··· PROVIDED MATERIAL ···

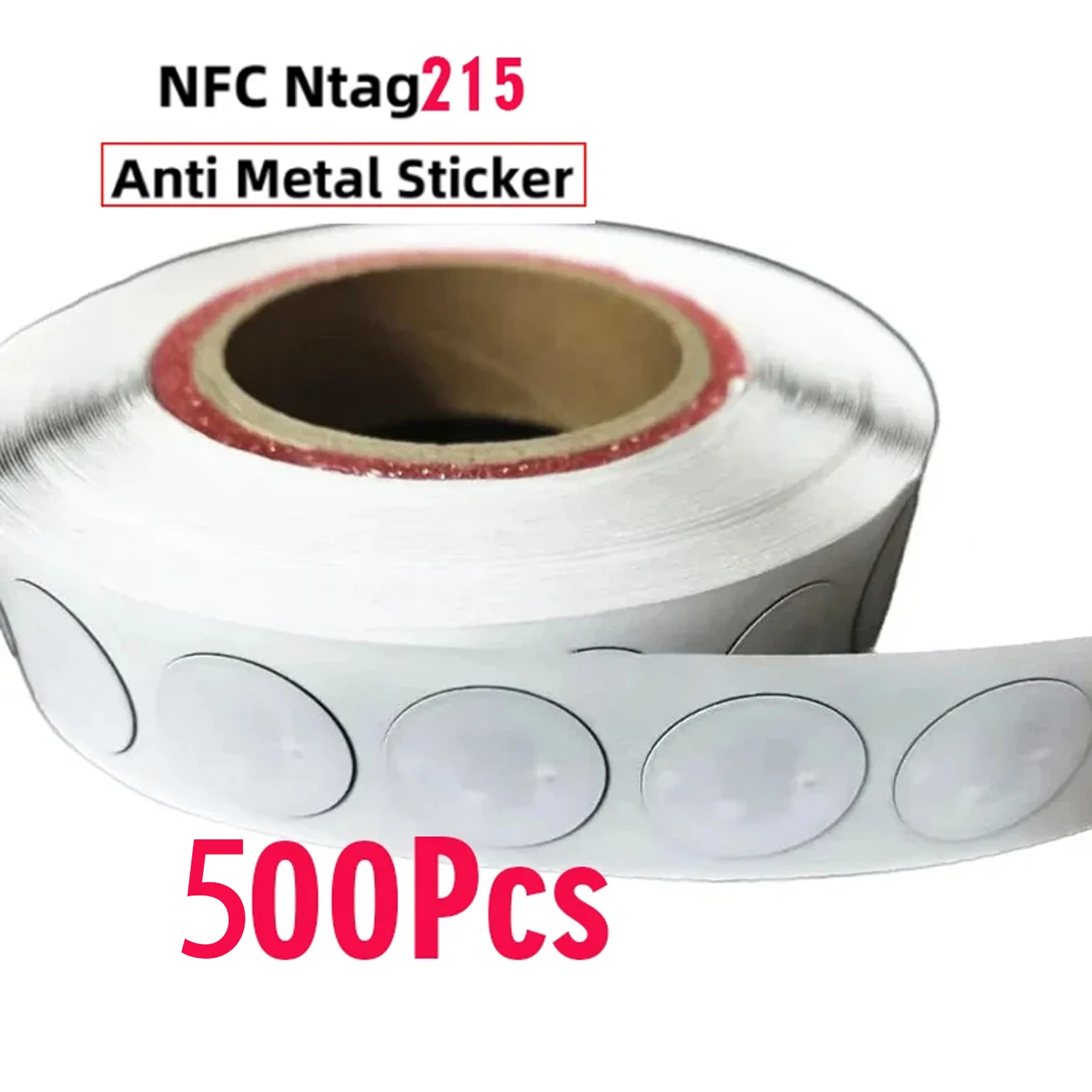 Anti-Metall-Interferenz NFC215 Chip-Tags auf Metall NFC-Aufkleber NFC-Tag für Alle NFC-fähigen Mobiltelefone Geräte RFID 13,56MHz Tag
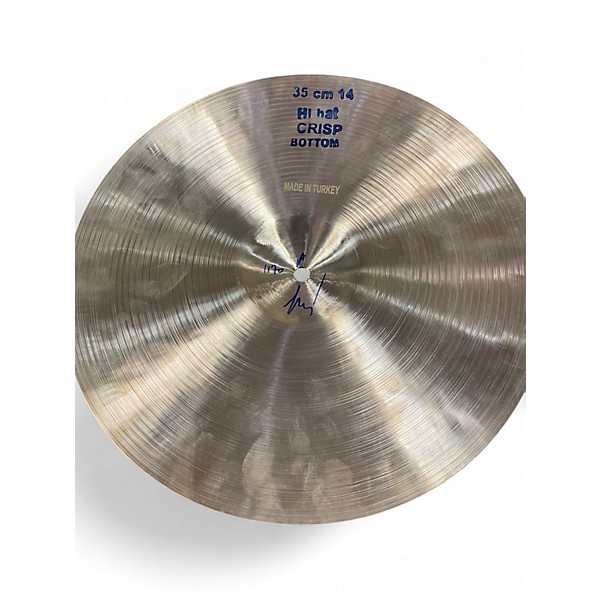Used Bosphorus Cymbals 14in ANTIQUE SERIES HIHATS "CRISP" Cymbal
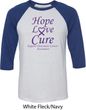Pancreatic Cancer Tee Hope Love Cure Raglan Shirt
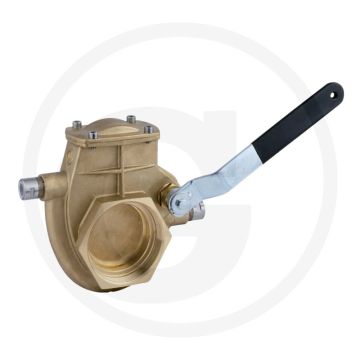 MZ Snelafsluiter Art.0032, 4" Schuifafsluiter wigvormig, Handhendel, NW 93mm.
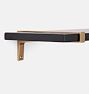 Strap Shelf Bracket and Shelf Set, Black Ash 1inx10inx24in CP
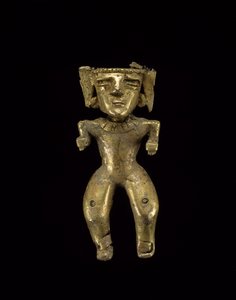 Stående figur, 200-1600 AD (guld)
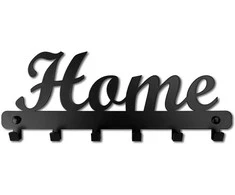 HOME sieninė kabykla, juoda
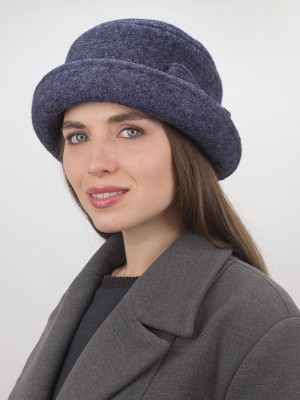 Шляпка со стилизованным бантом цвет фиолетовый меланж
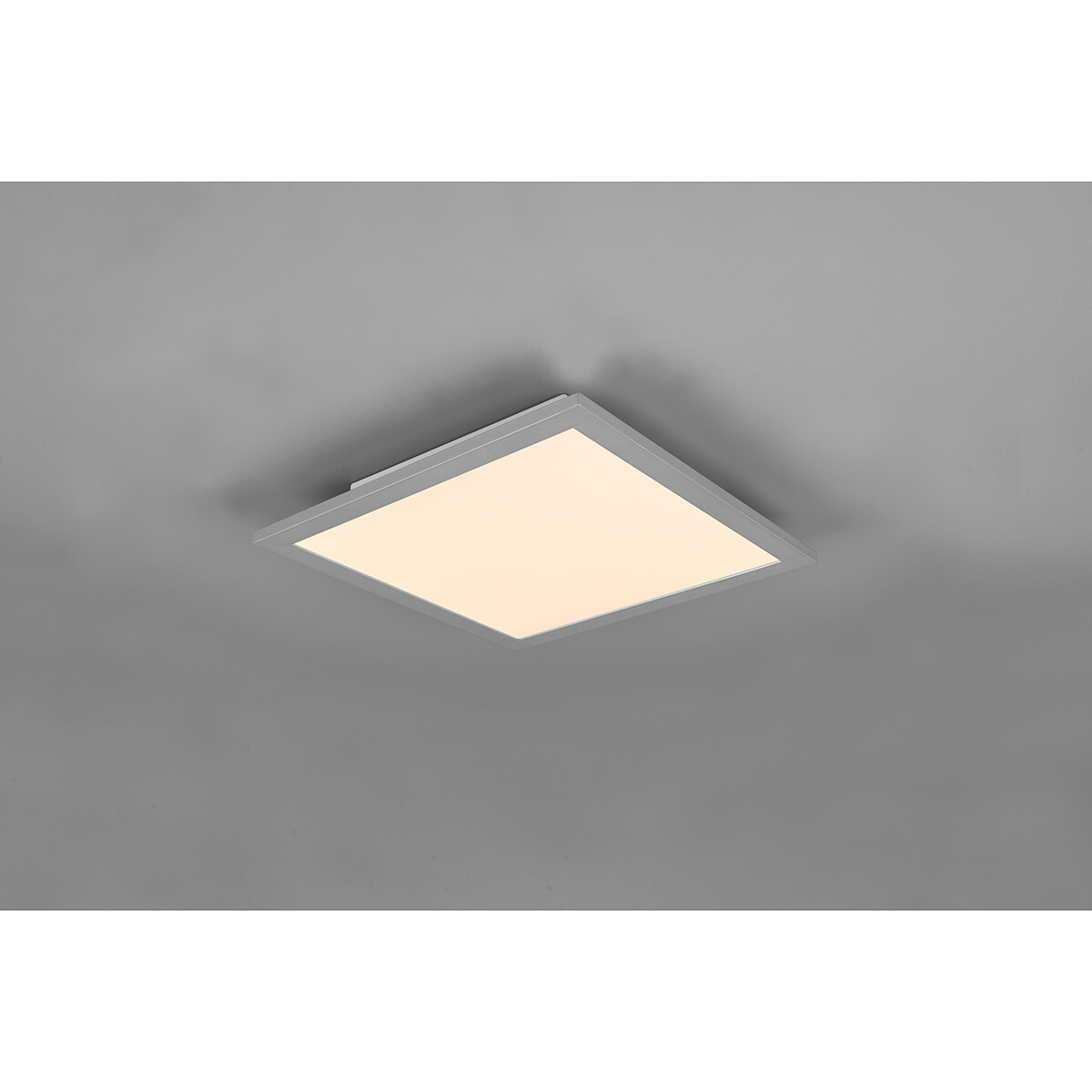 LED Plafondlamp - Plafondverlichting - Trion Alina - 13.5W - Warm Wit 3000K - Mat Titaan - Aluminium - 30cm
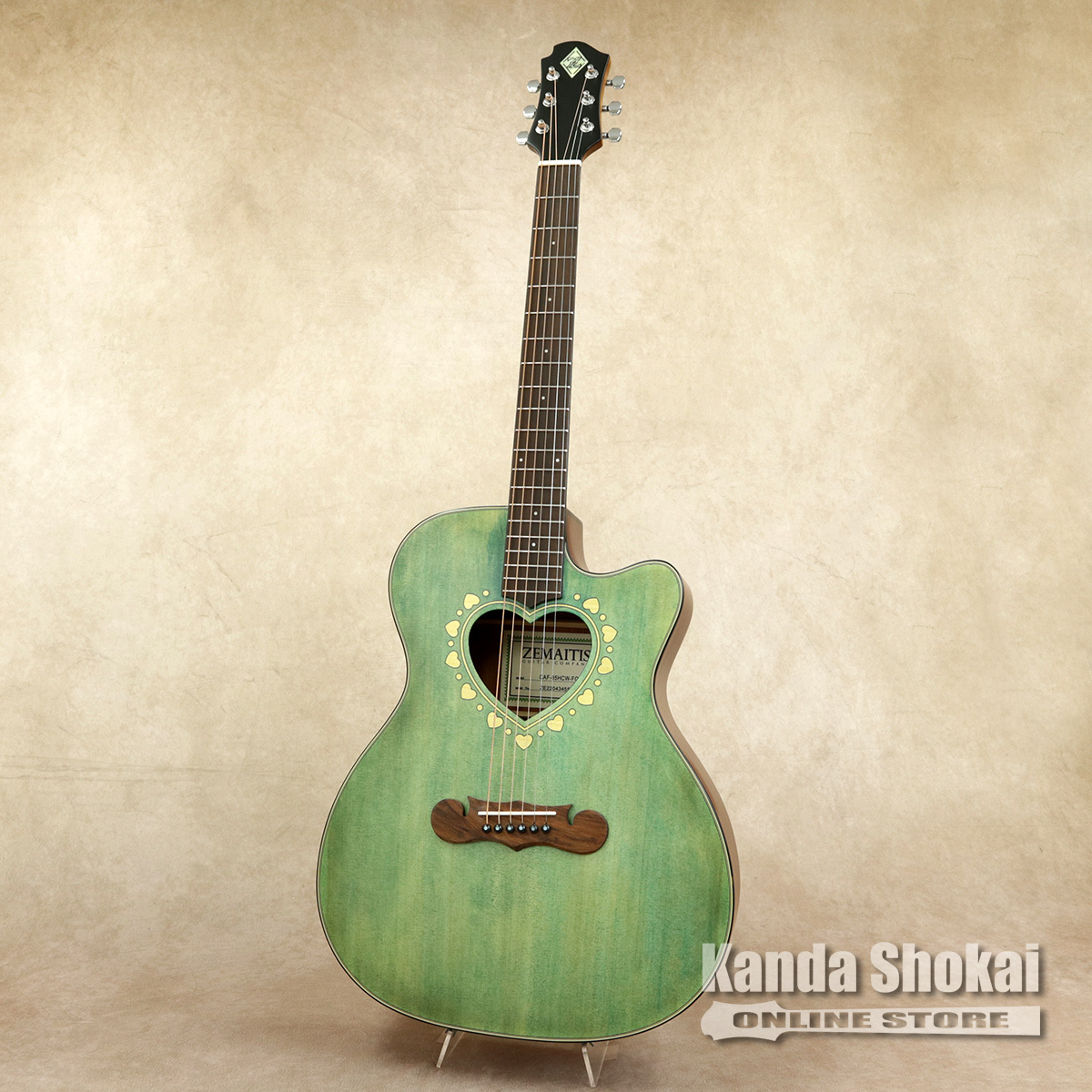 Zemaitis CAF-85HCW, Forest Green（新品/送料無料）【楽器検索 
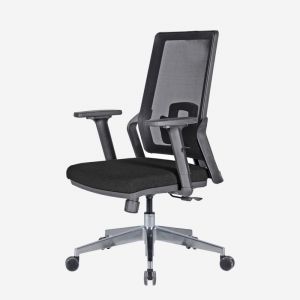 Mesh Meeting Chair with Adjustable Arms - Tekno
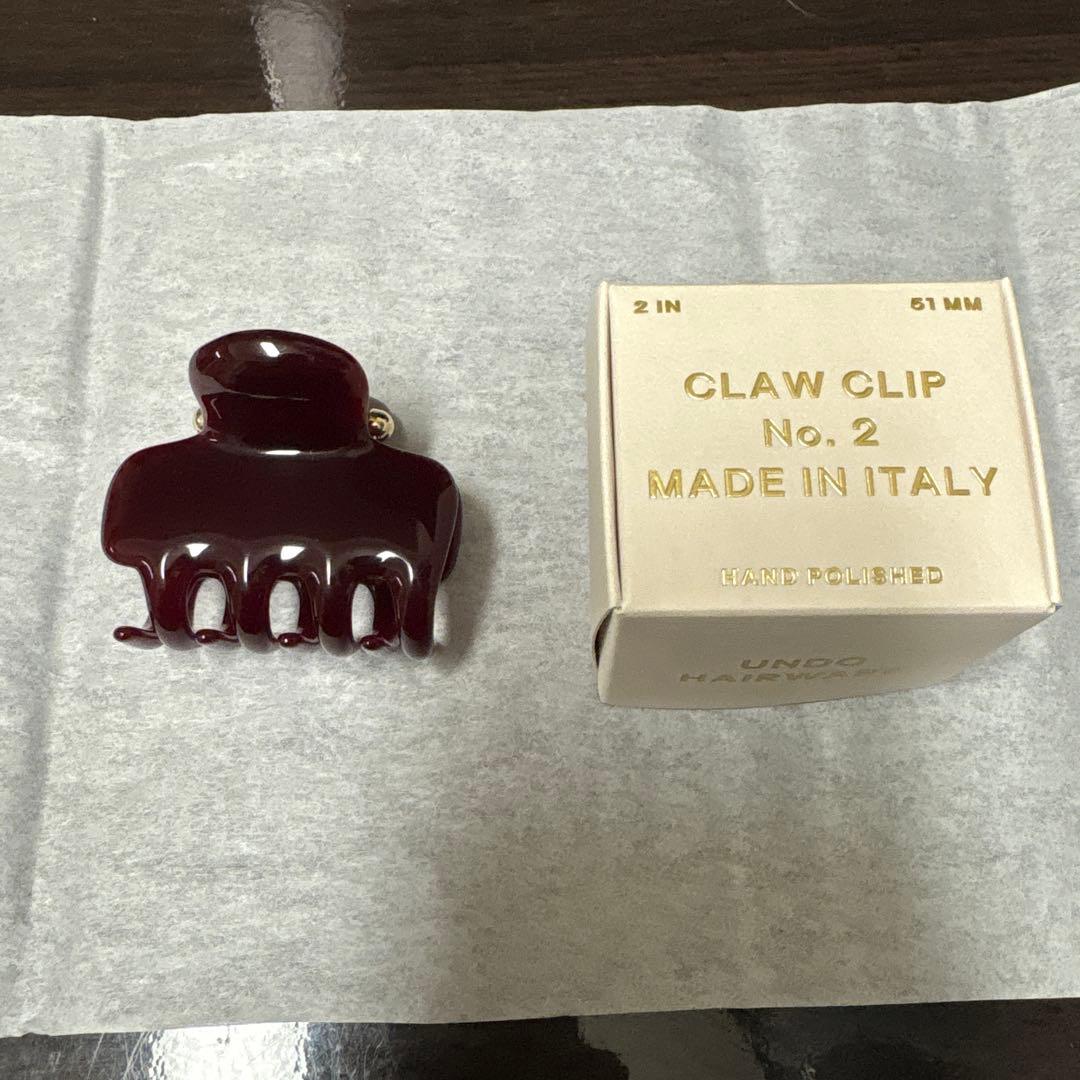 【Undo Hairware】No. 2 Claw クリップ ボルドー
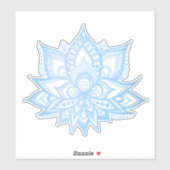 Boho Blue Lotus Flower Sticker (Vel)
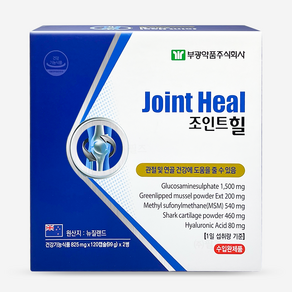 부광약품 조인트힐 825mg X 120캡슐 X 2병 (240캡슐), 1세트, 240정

···

■ WHAT THE TASK REQUIRES
Retype all the records exactly and keep out every picture.

■ SOLVED EXERCISE
 Anti-Metall-Interferenz NFC215 Chip-Tags auf Metall NFC-Aufkleber NFC-Tag für Alle NFC-fähigen Mobiltelefone Geräte RFID 13,56MHz Tag
Used Bosphorus Cymbals 14in ANTIQUE SERIES HIHATS "CRISP" Cymbal
Pancreatic Cancer Tee Hope Love Cure Raglan Shirt
 MZ Snelafsluiter Art.0032, 4" Schuifafsluiter wigvormig, Handhendel, NW 93mm.
 Strap Shelf Bracket and Shelf Set, Black Ash 1inx10inx24in CP
 Stående figur, 200-1600 AD (guld)
 HOME sieninė kabykla, juoda
 Шляпка со стилизованным бантом цвет фиолетовый меланж
 LED Plafondlamp - Plafondverlichting - Trion Alina - 13.5W - Warm Wit 3000K - Mat Titaan - Aluminium - 30cm
 Zemaitis CAF-85HCW, Forest Green（新品/送料無料）【楽器検索 
 Mesh Meeting Chair with Adjustable Arms - Tekno
 【Undo Hairware】No. 2 Claw クリップ ボルドー
 Boho Blue Lotus Flower Sticker (Vel)
 부광약품 조인트힐 825mg X 120캡슐 X 2병 (240캡슐), 1세트, 240정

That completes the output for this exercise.